§ RECORDS PROVIDED
______________________________
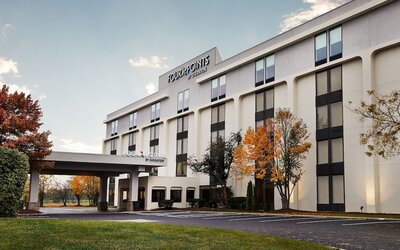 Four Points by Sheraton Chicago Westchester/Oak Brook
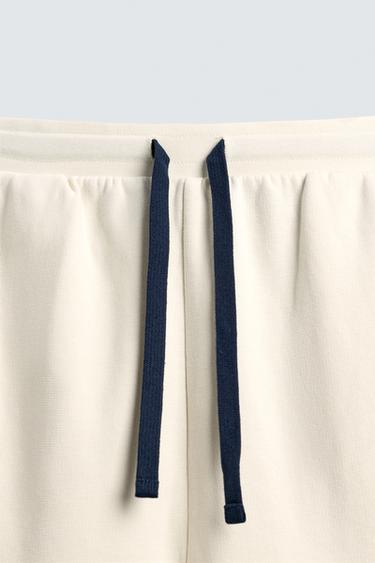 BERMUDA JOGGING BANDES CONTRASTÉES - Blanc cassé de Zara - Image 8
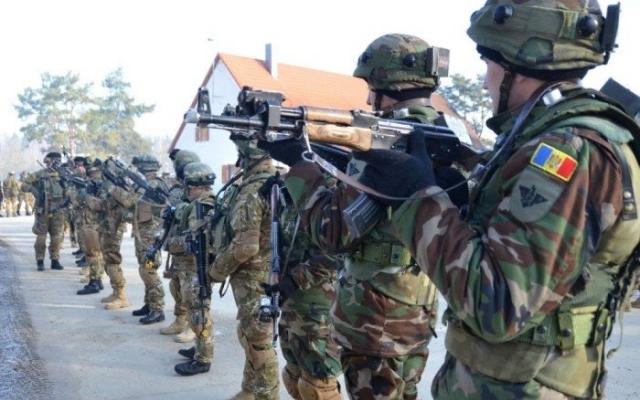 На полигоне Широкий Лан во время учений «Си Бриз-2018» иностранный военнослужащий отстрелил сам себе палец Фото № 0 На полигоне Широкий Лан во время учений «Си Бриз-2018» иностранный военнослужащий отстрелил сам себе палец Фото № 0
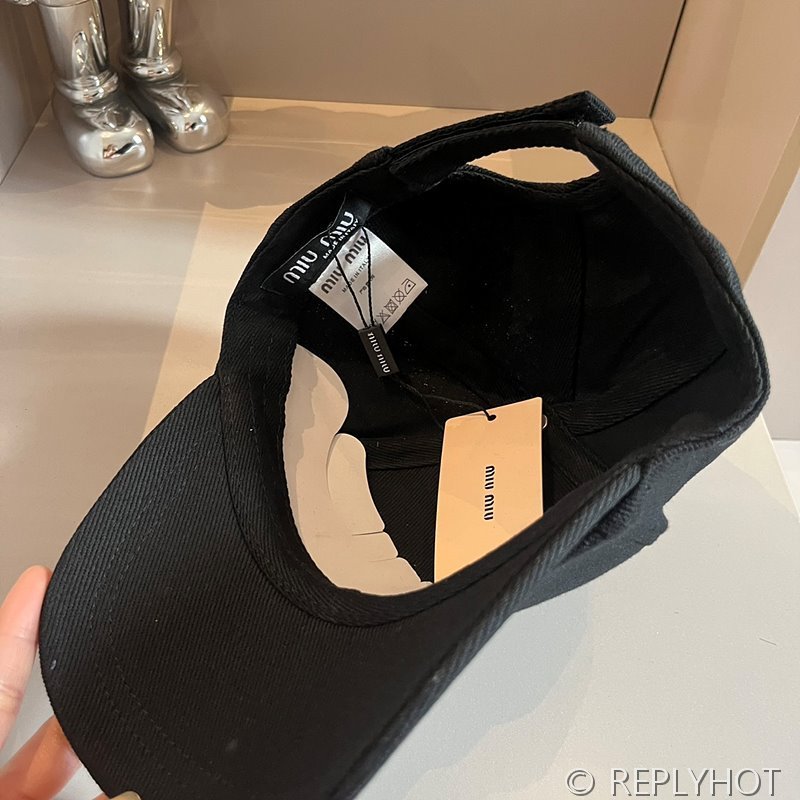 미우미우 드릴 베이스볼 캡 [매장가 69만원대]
______________________________
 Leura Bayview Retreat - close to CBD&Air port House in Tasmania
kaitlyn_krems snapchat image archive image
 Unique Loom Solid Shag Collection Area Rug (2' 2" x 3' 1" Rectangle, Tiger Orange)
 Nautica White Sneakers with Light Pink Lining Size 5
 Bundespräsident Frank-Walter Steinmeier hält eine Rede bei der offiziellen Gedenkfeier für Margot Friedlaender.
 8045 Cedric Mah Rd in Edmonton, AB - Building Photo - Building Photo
______________________________
§ WHAT YOU ARE ASKED TO DO
Range to copy from the listing above: the line containing "Four Points by" down to the line containing "미우미우 드릴 베이스볼 캡 [매장가 69만원대]", both included. Reproduce it exactly, minus the pictures, and add nothing.

§ WRITTEN RESPONSE
 Four Points by Sheraton Chicago Westchester/Oak Brook
 BERMUDA JOGGING BANDES CONTRASTÉES - Blanc cassé de Zara - Image 8
 На полигоне Широкий Лан во время учений «Си Бриз-2018» иностранный военнослужащий отстрелил сам себе палец Фото № 0 На полигоне Широкий Лан во время учений «Си Бриз-2018» иностранный военнослужащий отстрелил сам себе палец Фото № 0
 미우미우 드릴 베이스볼 캡 [매장가 69만원대]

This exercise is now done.